:: THE PROBLEM ::
Transcribe, starting at the line with "Calendário 1975" and ending at the line with "Men’s Breathable Mesh", every line of the material below exactly, but leave out the pictures and anything outside that span.

:: RECORDS TO PROCESS ::

[Start of section]

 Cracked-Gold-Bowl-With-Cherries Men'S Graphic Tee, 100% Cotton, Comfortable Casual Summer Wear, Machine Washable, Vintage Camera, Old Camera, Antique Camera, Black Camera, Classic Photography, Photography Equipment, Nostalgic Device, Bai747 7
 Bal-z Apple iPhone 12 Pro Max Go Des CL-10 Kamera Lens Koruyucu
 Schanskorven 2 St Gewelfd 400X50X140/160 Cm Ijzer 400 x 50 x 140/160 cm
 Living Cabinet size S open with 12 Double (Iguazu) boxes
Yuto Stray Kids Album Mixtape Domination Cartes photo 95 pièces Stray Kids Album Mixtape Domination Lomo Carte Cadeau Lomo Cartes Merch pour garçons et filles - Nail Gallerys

[End of section]
[Start of section]

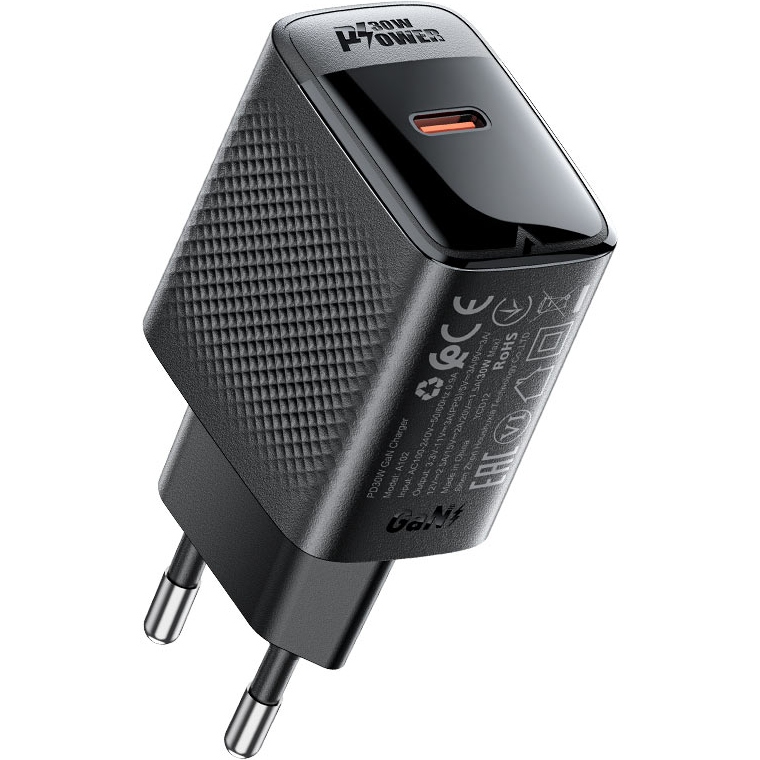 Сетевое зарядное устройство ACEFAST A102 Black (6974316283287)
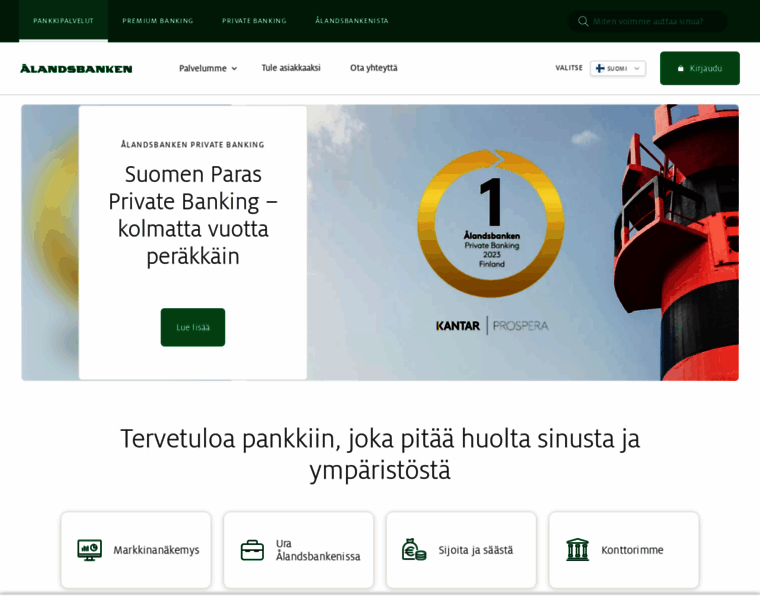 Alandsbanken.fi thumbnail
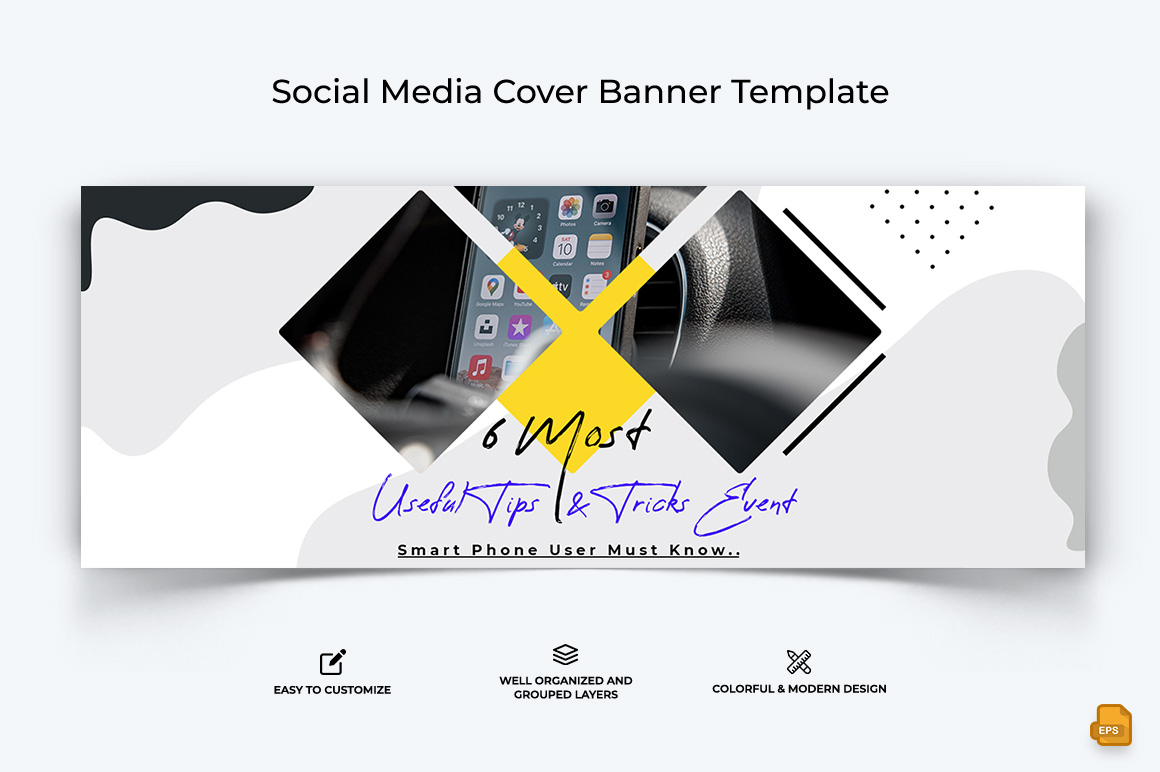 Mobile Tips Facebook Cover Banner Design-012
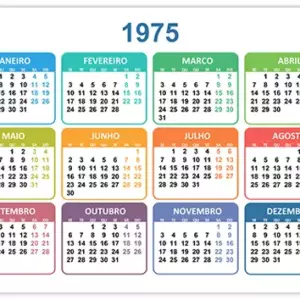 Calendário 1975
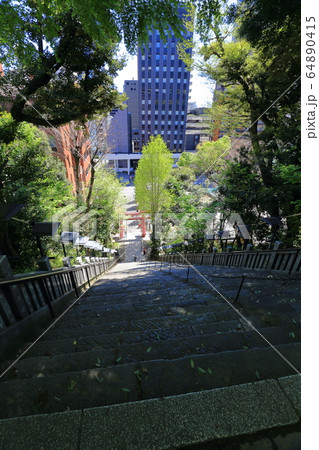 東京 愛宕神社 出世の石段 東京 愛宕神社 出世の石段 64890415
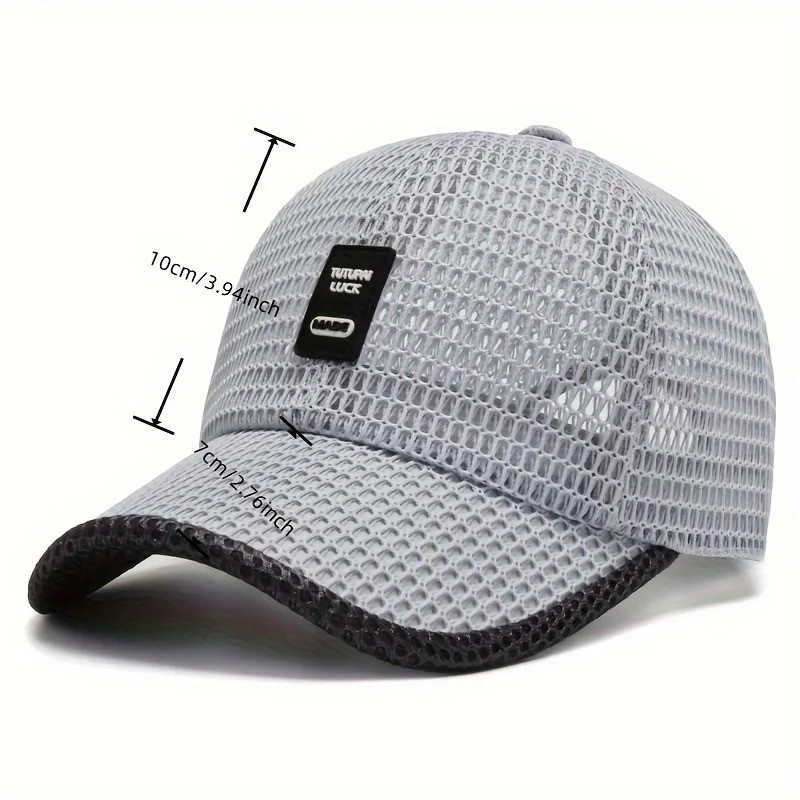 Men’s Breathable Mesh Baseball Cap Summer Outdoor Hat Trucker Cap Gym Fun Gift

[End of section]
[Start of section]

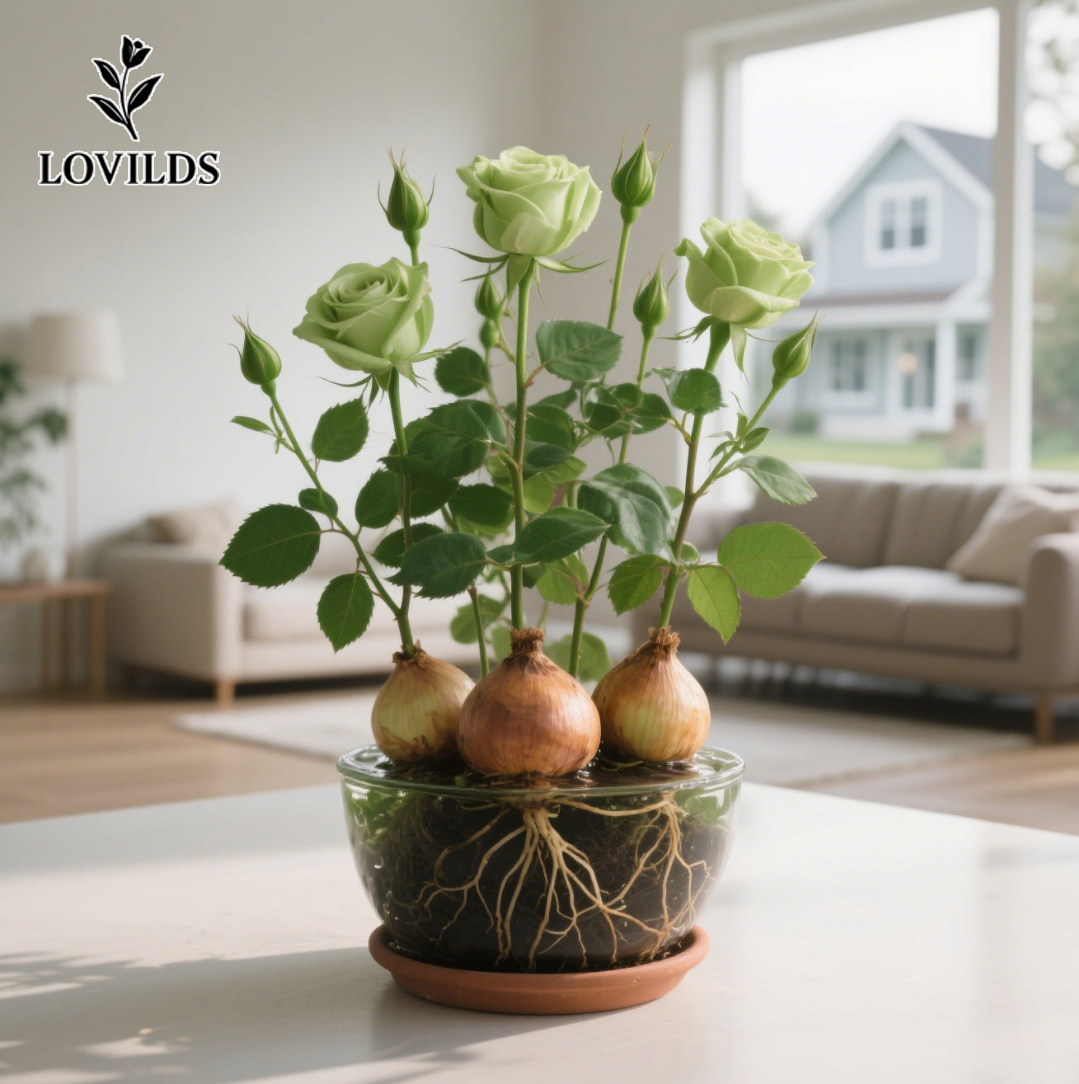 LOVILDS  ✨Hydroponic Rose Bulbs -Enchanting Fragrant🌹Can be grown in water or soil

[End of section]

:: ANSWER TO THIS PROBLEM ::
 Calendário 1975
 東京 愛宕神社 出世の石段 東京 愛宕神社 出世の石段 64890415
 Men’s Breathable Mesh Baseball Cap Summer Outdoor Hat Trucker Cap Gym Fun Gift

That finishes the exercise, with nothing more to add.